Page MenuHomePhabricator

etcd switchover/enhancements
Open, MediumPublic

Description

In order for etcd to be more up to our current goals, we want to do the following:

  • Set up a MirrorMaker-like replica
  • Switchover to codfw
  • Re-configure the eqiad cluster to use the tls proxy
  • Allow reading from the nearest datacenter (optional)

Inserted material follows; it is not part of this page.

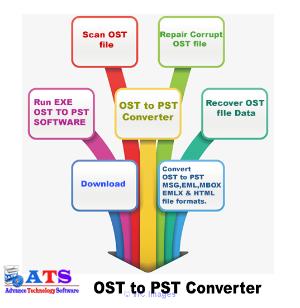 Convert OST to PST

here are my ideas for this:

MirrorMaker-like replica

Temporary "emergency" switchover

We need to switch over to the codfw cluster because of a time-sensitive maintenance in eqiad, so we need to do as follows for now:

  • Verify the replica from eqiad to codfw is currently correctly set up to '/conftool'
  • Add a second SRV record for etcd.rw or something similar that can be used by conftool, so that all writes can be managed that way
  • Reconfigure conftool to use it
  • Reduce the TTL of all SRV records
  • Switch the configurations of a few pybal hosts to use codfw, possibly just the backups; verify data after the restart are the same with the other element of the couple
  • Switch the other clients (pybals included) by changing the SRV records for everything but conftool. verify it actively removes the connections from those hosts to eqiad
  • Switch the record for conftool too
  • Stop the etcd replication eqiad => codfw
  • Re-raise the TTL of all SRV records

A longer-term plan

At the moment, we're interested only in replicating conftool data. I have given some thought about this and came to the conclusion that the best course of action is the following:

  1. Copy the data currently in /conftool in eqiad under /eqiad.wmnet/conftool by starting a replica
  2. Add to puppet a etcd_masterdc variable, and have the conftool_prefix hiera variable depend on that. This will make conftool/confd read/write to this new directory.
  3. Once puppet is ran everywhere, all reads/writes will go to the new
  4. replicate this tree to codfw 1:1
  5. On codfw, create /codfw.wmnet/conftool and replicate it 1:1 to eqiad

We will configure everything to just read/write to eqiad for now, and given conftool is not able to write to multiple clusters, this can seem not so useful, but it helps with our next goals, as we should see. Also, if we decide to change the way conftool works and allow multi-dc writes, we can benefit from this.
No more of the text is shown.